▶ _Records for the exercise_:
◇ ◇ ◇ ◇ ◇

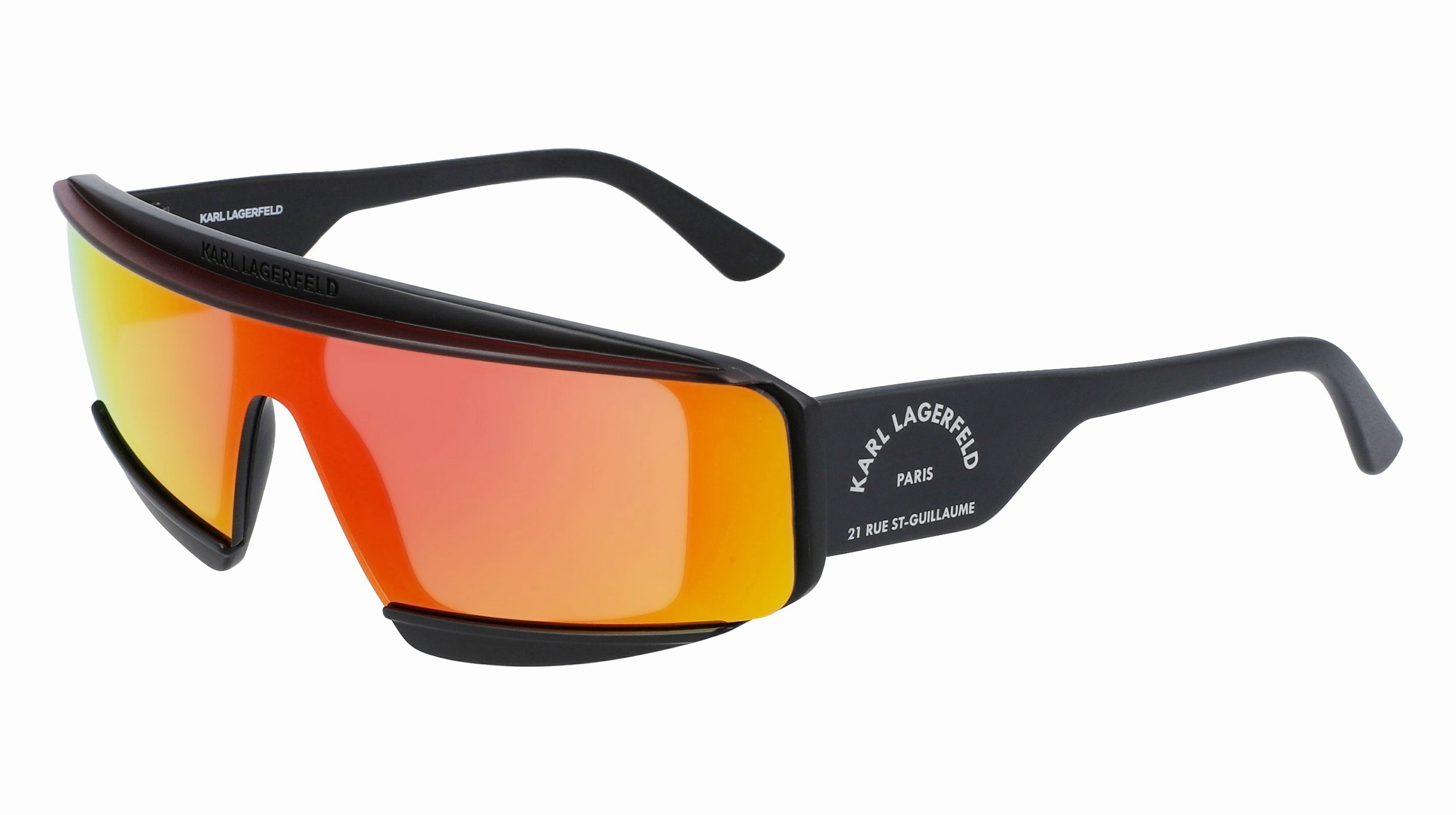 Karl Lagerfeld KL6037S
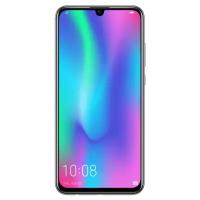 Смартфон Honor 10 Lite 6/64GB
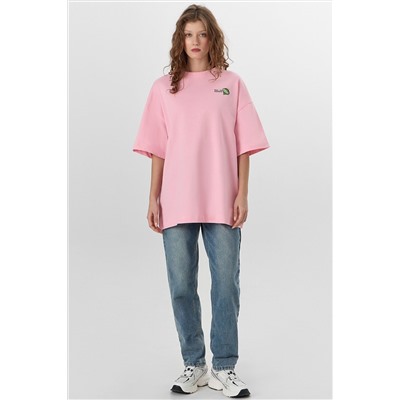 Футболка MARK FORMELLE, 1225744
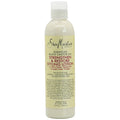Shea Moisture Jamaican Black Castor Oil Styling Lotion 236ml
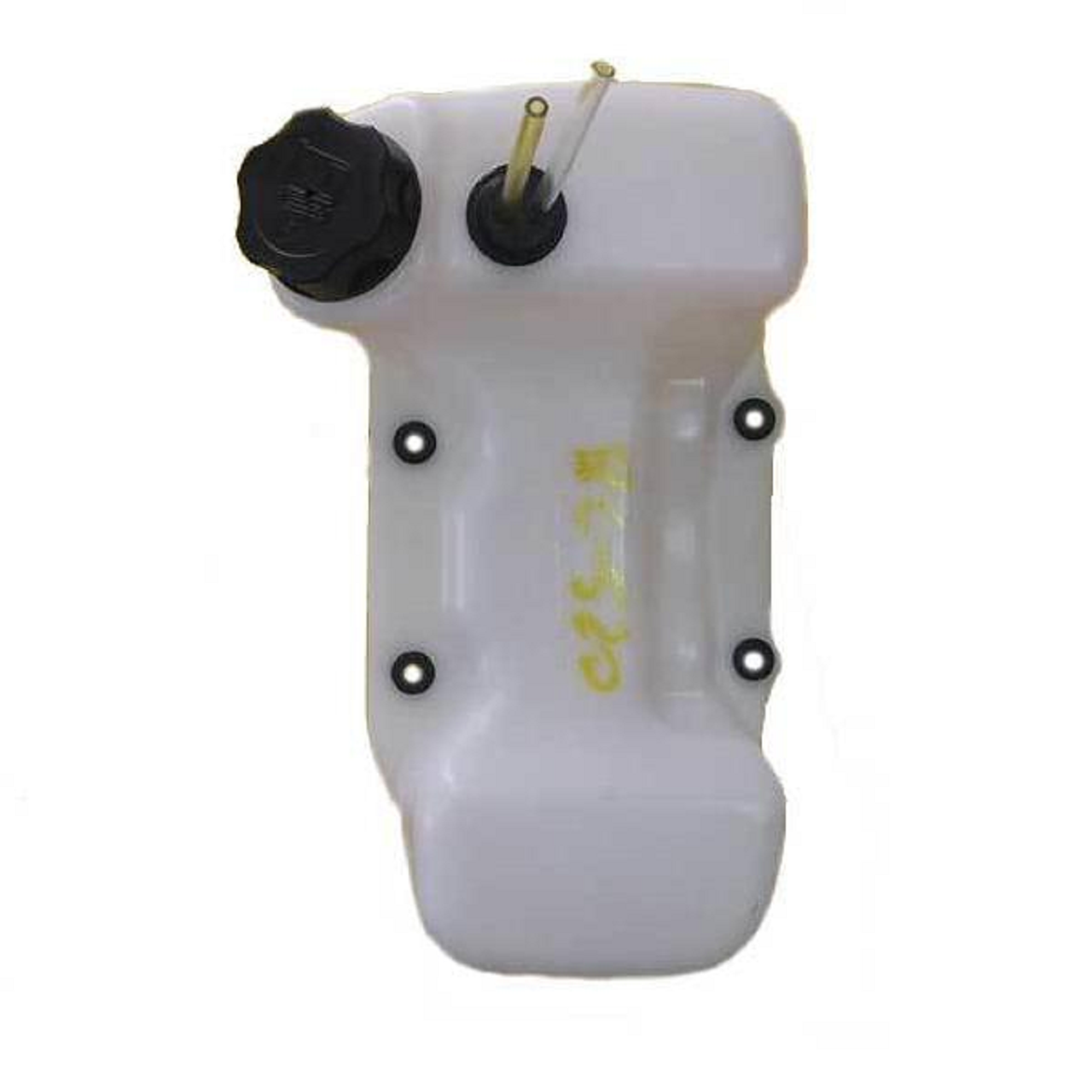 Hyundai HYX55 Benzin Deposu Komple İtal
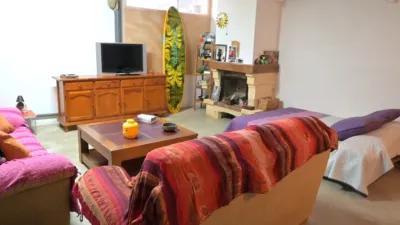 Casa en venta en Calle Gredos, La Zubia de 360.000 €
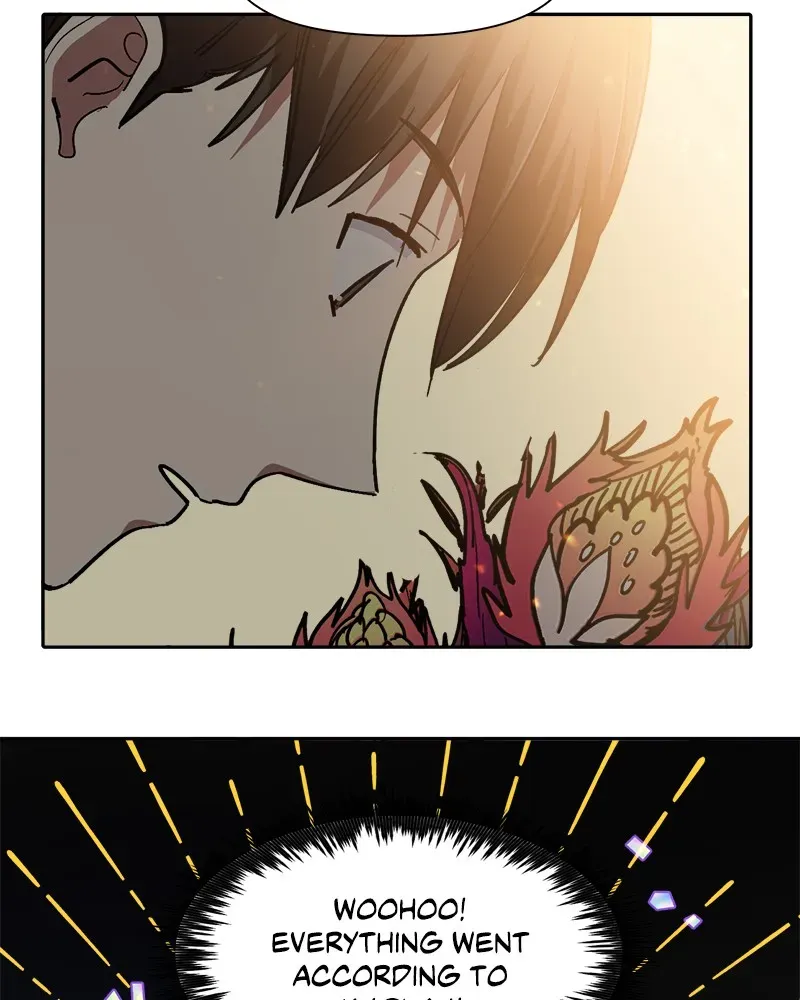 Read My S-Class Hunters chapter 44 image 99 on Lezhin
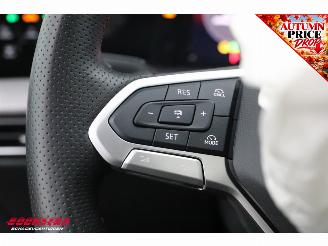 Volkswagen Golf GTI 2.0 TSI DSG Camera ACC SHZ LrHZ LED Clima picture 18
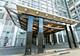 655 W Irving Park Unit 1501, Chicago, IL 60613
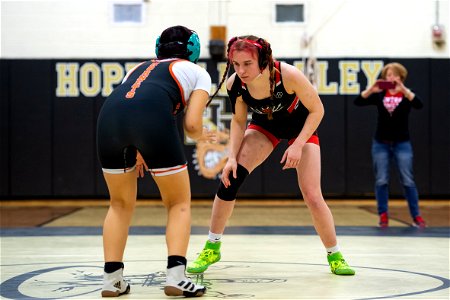 Hopewell Jamboree-0501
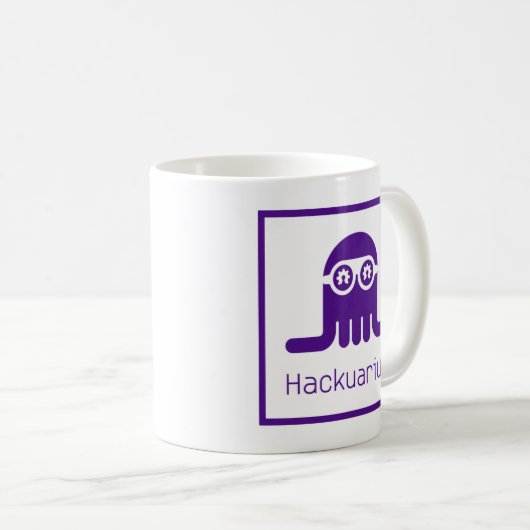 Kaffeetasse (VorderseiteRechts)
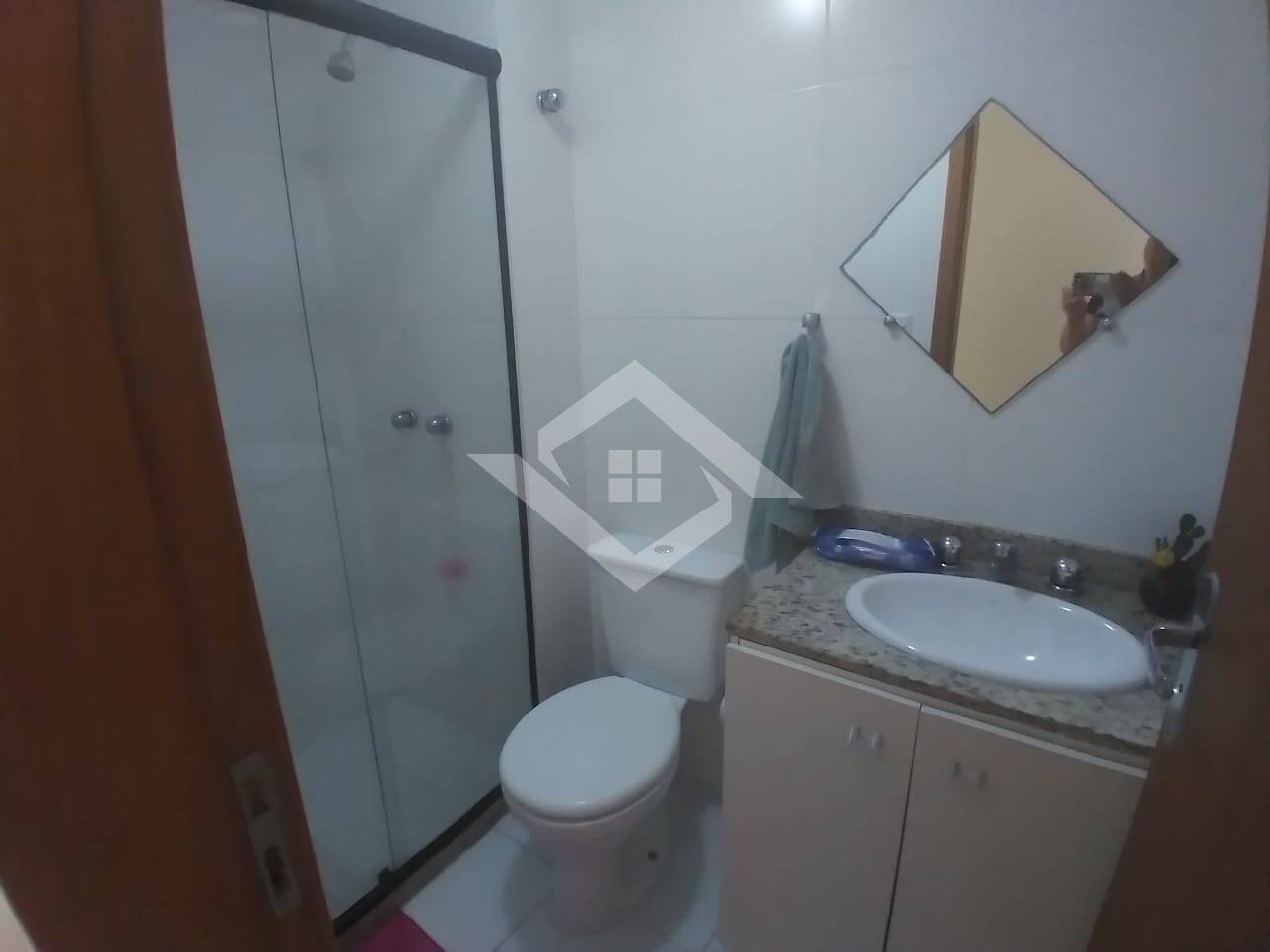 Apartamento à venda com 3 quartos, 78m² - Foto 16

◇ ◇ ◇ ◇ ◇

▶ _What you should do_:
Omit the pictures. Write out exactly the lines from the one containing "Casa en venta" through the last line of the entries, both of them included.

▶ _Exercise output_:
 Casa en venta en Calle Gredos, La Zubia de 360.000 €
 Read My S-Class Hunters chapter 44 image 99 on Lezhin
 Volkswagen Golf GTI 2.0 TSI DSG Camera ACC SHZ LrHZ LED Clima picture 18
 655 W Irving Park Unit 1501, Chicago, IL 60613
 Hopewell Jamboree-0501
 Kaffeetasse (VorderseiteRechts)
 Apartamento à venda com 3 quartos, 78m² - Foto 16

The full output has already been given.